Rudolf Hess' corpse: Is it wrong to dig up dead Nazis?

Leaders of the town where Hitler's deputy was buried got fed up with his neo-Nazi worshipers, and took drastic action

Rudolf Hess's grave
(Image credit: REUTERS/Michaela Rehle)

This week, the tiny Bavarian town of Wunseidel unearthed the remains of Rudolf Hess, Adolf Hitler's deputy, to discourage neo-Nazis from making pilgrimages to his grave. The bones were exhumed under cover of darkness, and cremated. The ashes were secretly scattered at sea. Neo-Nazis see Hess, who died in prison in 1987 at age 93, as a martyr, and hundreds, sometimes thousands, of them converged on Wunseidel each year around the anniversary of his death. Was this the right way to tackle the problem?

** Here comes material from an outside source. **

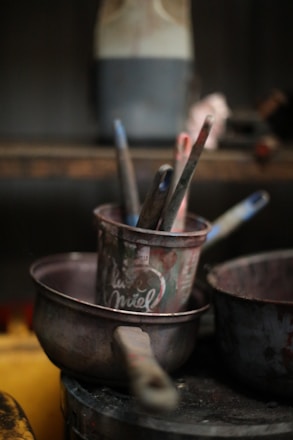 Paintbrushes in a metal pot with other supplies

Yes. It eliminates a neo-Nazi shrine: The "grave had become a magnet for neo-Nazis," says Moe Lane at his blog, "and nobody wants those guys around." This is precisely why we threw Osama bin Laden's corpse into the Indian Ocean. Now, instead of all gathering at one spot, Hess' goose-stepping fans and bin Laden's "jihadi-wannabees" will flock to several different places and fight over whose shrine is best — "hopefully, with live ammo."